La reconquête de la dignité du citoyen togolais
Le Groupe de Réflexion et d’Action pour le Dialogue la Démocratie et le Développement (GRAD), continue de porter son regard critique sur la délicate situation socio politique du Togo, surtout au lendemain des élections législatives du 14 octobre 2007. Il fait les constats et les recommandations suivants:
1. La classe politique est décrédibilisée car, elle semble se préoccuper peu de l’intérêt général. Ses principaux acteurs sont plus passionnés par les avantages et privilèges attachés à leurs fonctions. Ils s’efforcent même d’institutionnaliser ces privilèges tout en cherchant à se préserver de toute alternance au poste. Leur devise «j’y suis j’y reste peu importent les résultats acquis», les rend allergiques à tout ce qui s’apparente à la diversité. Ils affectionnent les cumuls de postes et de mandats.

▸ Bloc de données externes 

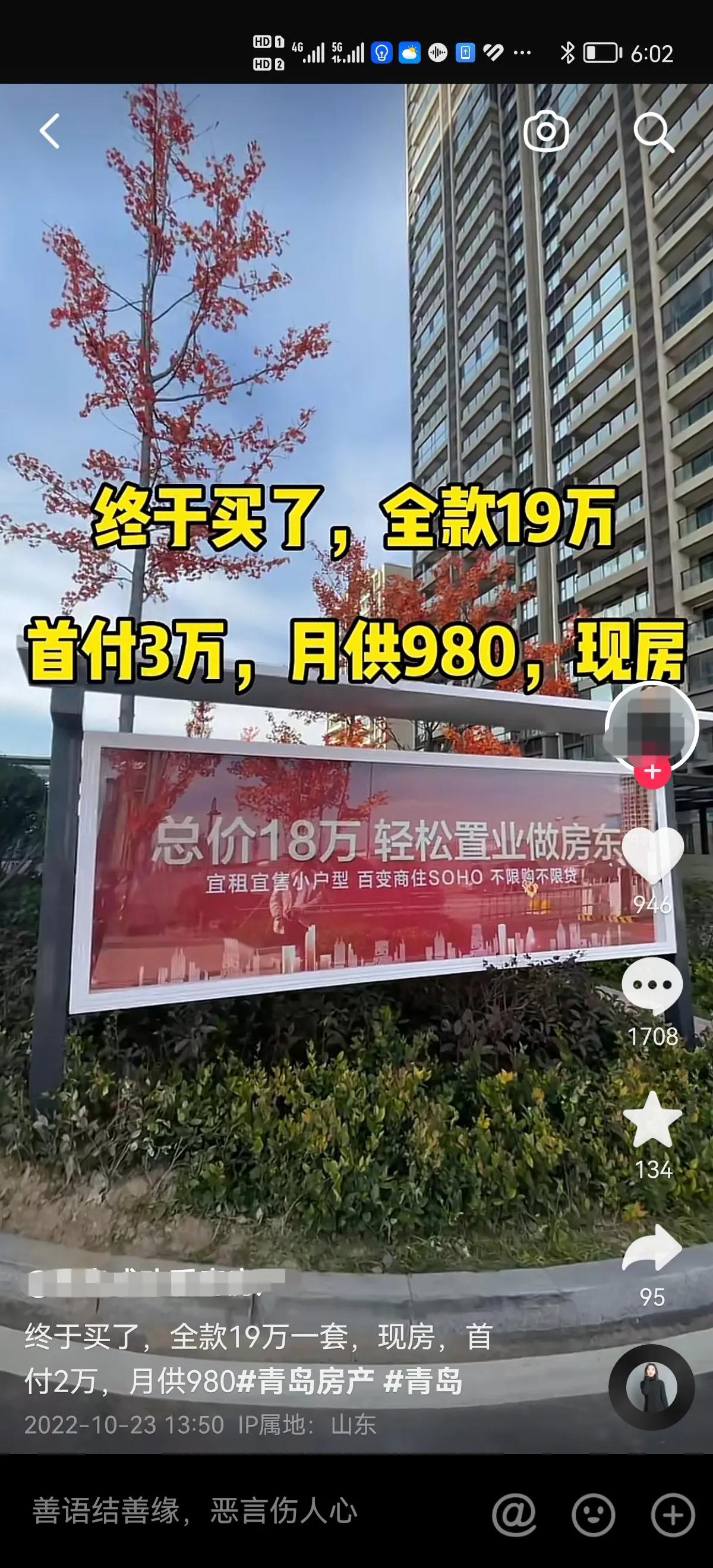 青岛蓬莱20年的别墅房价,青岛麦岛别墅房价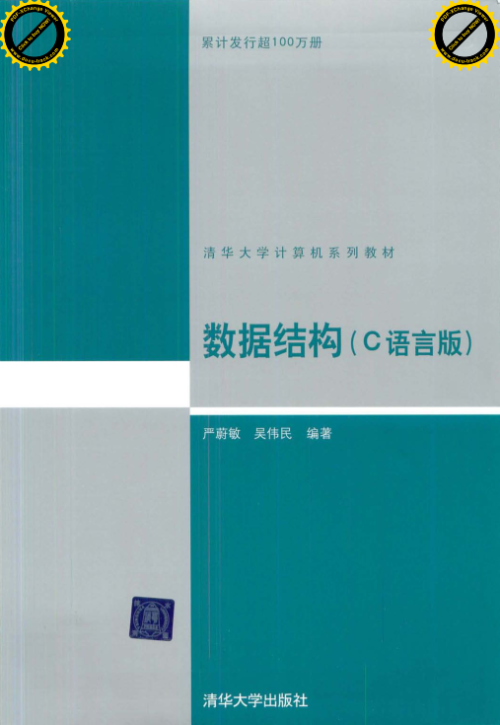 数据结构（C语言版）.严蔚敏_吴伟民【高清带书签】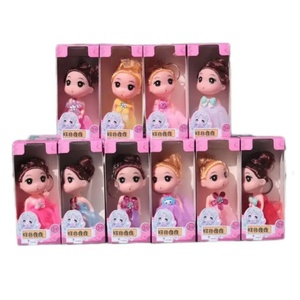 Wholesale 12cm Doll Happy Little Princess Girl Confused Doll Toy Kindergarten Children's Day Gift - Product Image 1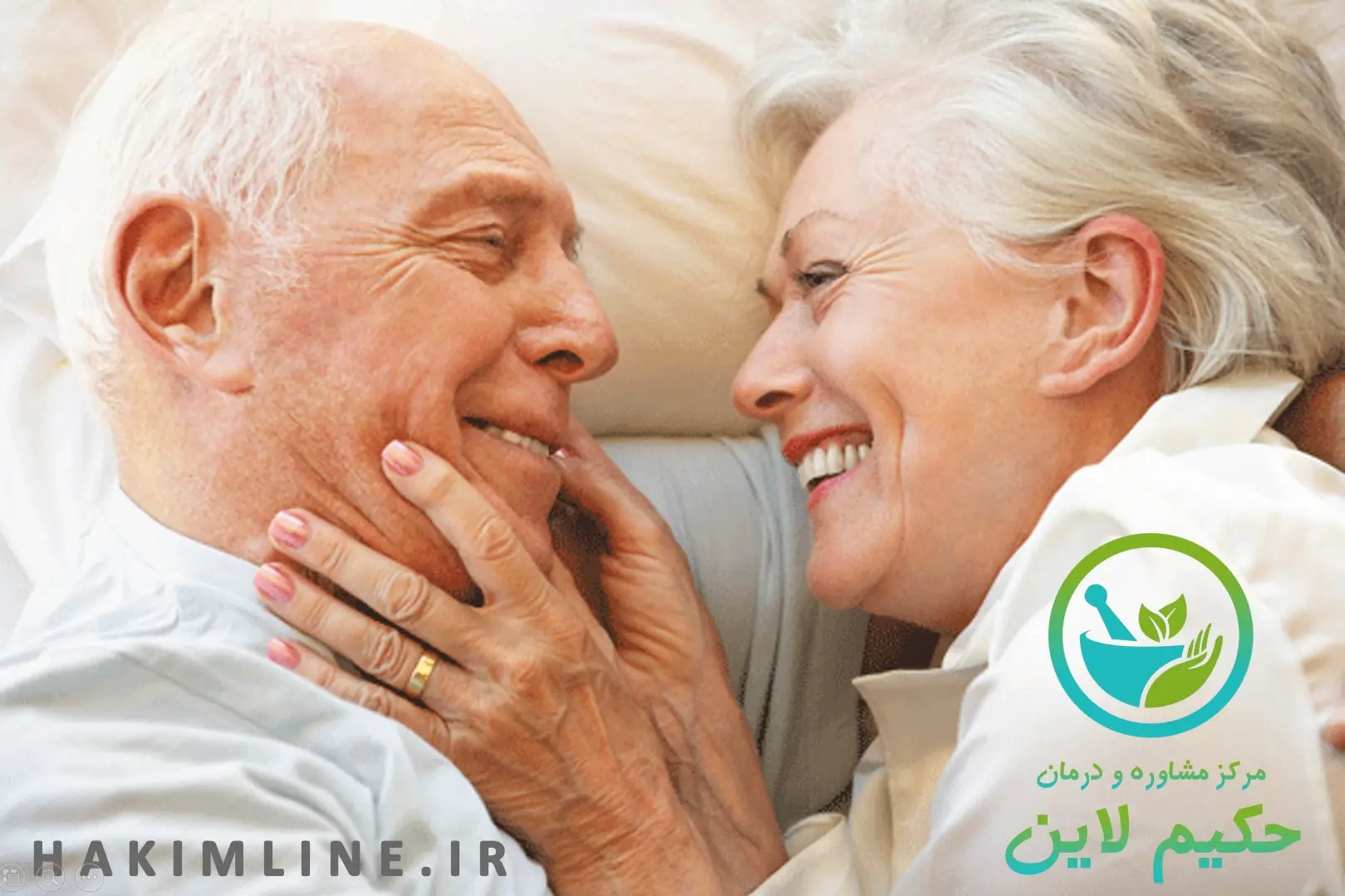 تاثیر کیفیت رابطه جنسی بر طول عمر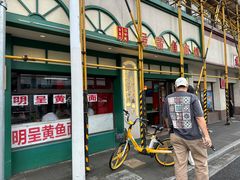-明呈黄鱼面馆(斜土路店)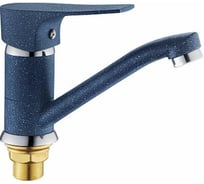 Смеситель для кухни Potato с коротким изливом, крепление гайка P45222-14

2. Les nouveaux prétendants, sans stratégies propres ni programmes, s’associent, sans état d’âme, à tout ce qu’on leur propose. Et, pourtant, nous ne sommes plus au temps du parti unique où le choix de la carrière politique était pratiquement imposé. Aujourd’hui, devenir d’abord Ministre, même sans portefeuille, semble être l’objectif primordial. Mais, pour ce qu’on doit faire pour l’avènement de la démocratie et pour l’émancipation de notre chère patrie devient une préoccupation mineure et rejetée à plus tard, aux calendres grecques.
3. La Chefferie traditionnelle, de plus en plus déconsidérée par les autorités politiques, manque de moyens appropriés et d’encadrement adéquat. Son autorité s’est effritée au fil du temps, au point que la population ne lui accorde plus aucun crédit. Elle est de moins en moins acceptée par celle-ci qui voit en elle une institution manipulée.
4. La jeunesse est synonyme d’insécurité. Elle est considérée comme le facteur déstabilisant pour la société. On ne lui témoigne aucun égard et on se plait à évoquer son manque de civisme et ses errements politiques. Elle est traitée de frondeuse inconséquente, de manipulée, d’incontrôlée, de liseuse de motion, mais jamais de chercheuse d’emploi sécurisé. On se refuse de l’écouter, de l’amener au dialogue et aux débats sérieux sur les enjeux du pays. Ainsi, le mot jeunesse rime avec la rue et la violence.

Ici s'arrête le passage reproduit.